Restate the records word for word. Include no pictures.

----- MATERIAL FOR THIS TASK -----

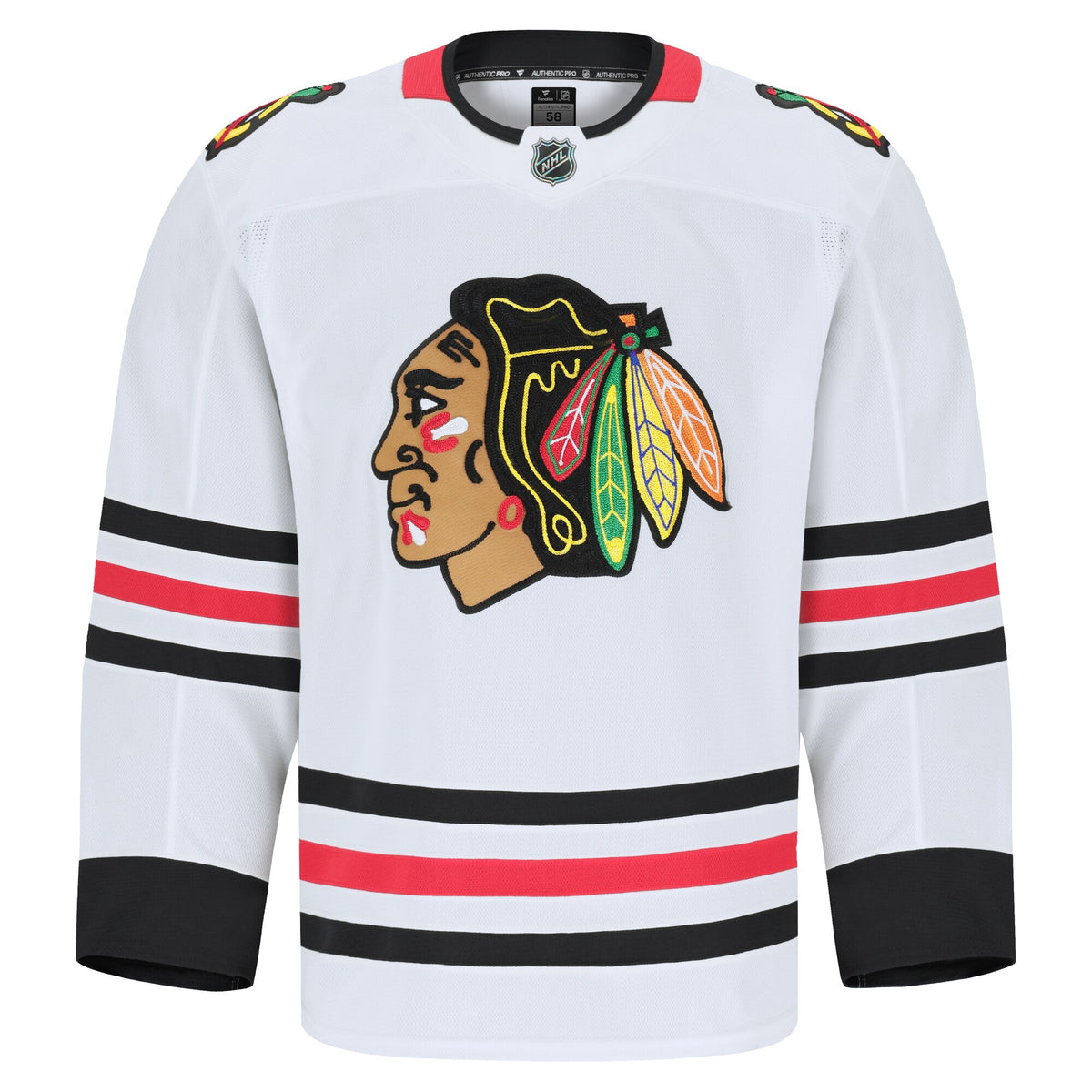 Chicago Blackhawks Fanatics White Away Authentic Pro Jersey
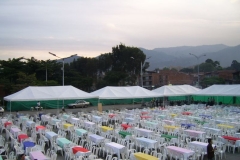 Carpas Evento empresarial 1000 personas -Parque Juan Pablo II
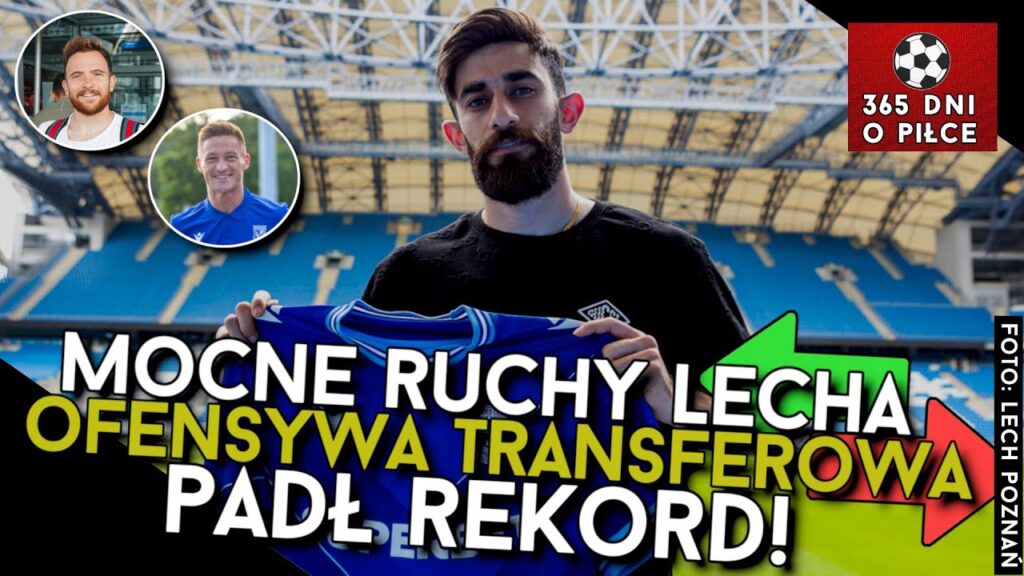 ALI GOLIZADEH nowym piłkarzem LECHA POZNAŃ | Ofensywa TRANSFEROWA "Kolejorza" | REKORD EKSTRAKLASY!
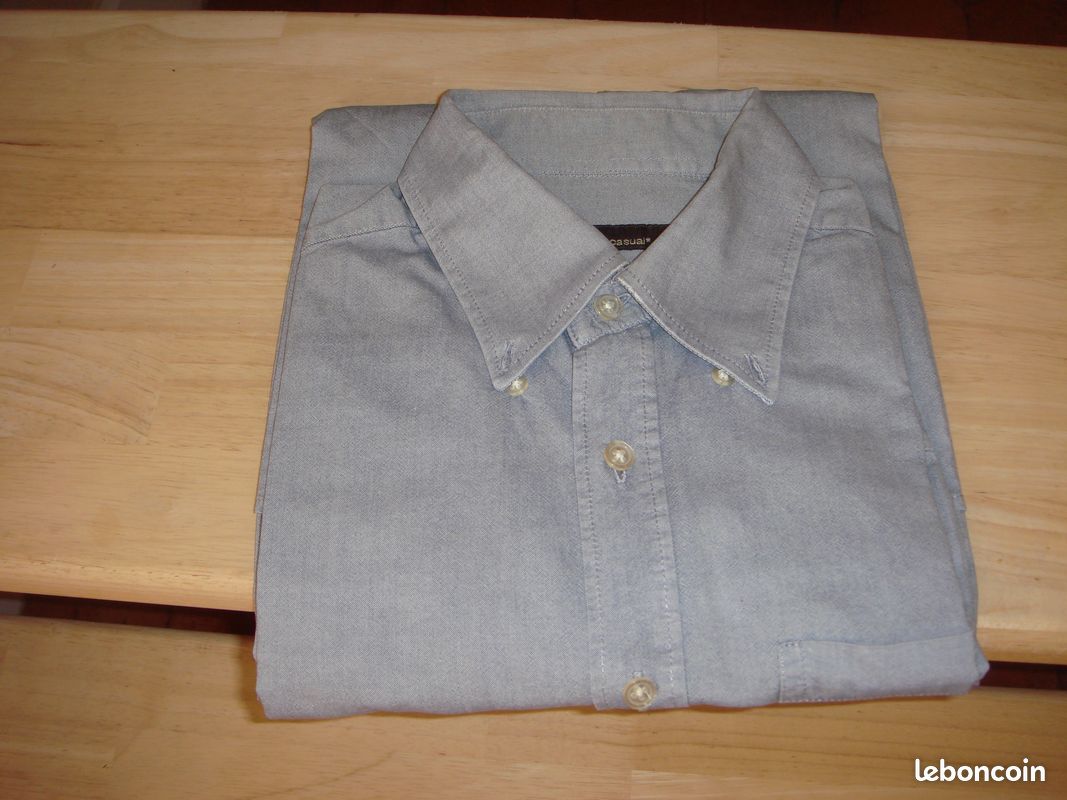 Chemise grise homme (image 2)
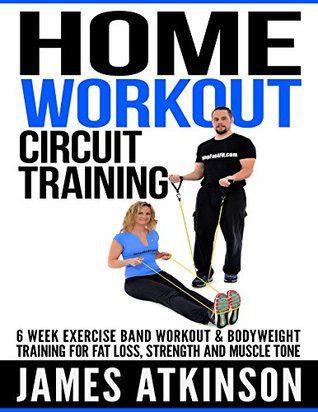 HOME WORKOUT CIRCUIT TRAINING: 6 week exercise band workout & bodyweight training for fat loss, strength and muscle tone (Beginner fitness mindset & home workouts)
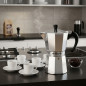 Cafeteira de alumínio | Cafeteira italiana de 6 xícaras para indução | Máquina de expresso | Adequada para todos os tipos de fog Cafeteira de alumínio | Cafeteira italiana de 6 xícaras para indução | Máquina de expresso | Adequada para todos os tipos de fog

-----

OUTPUT FOR THIS EXERCISE:
 Chicago Blackhawks Fanatics White Away Authentic Pro Jersey
 Carpas Evento empresarial 1000 personas -Parque Juan Pablo II
 ALI GOLIZADEH nowym piłkarzem LECHA POZNAŃ | Ofensywa TRANSFEROWA "Kolejorza" | REKORD EKSTRAKLASY!
 Chemise grise homme (image 2)
 HOME WORKOUT CIRCUIT TRAINING: 6 week exercise band workout & bodyweight training for fat loss, strength and muscle tone (Beginner fitness mindset & home workouts)
 Cafeteira de alumínio | Cafeteira italiana de 6 xícaras para indução | Máquina de expresso | Adequada para todos os tipos de fog Cafeteira de alumínio | Cafeteira italiana de 6 xícaras para indução | Máquina de expresso | Adequada para todos os tipos de fog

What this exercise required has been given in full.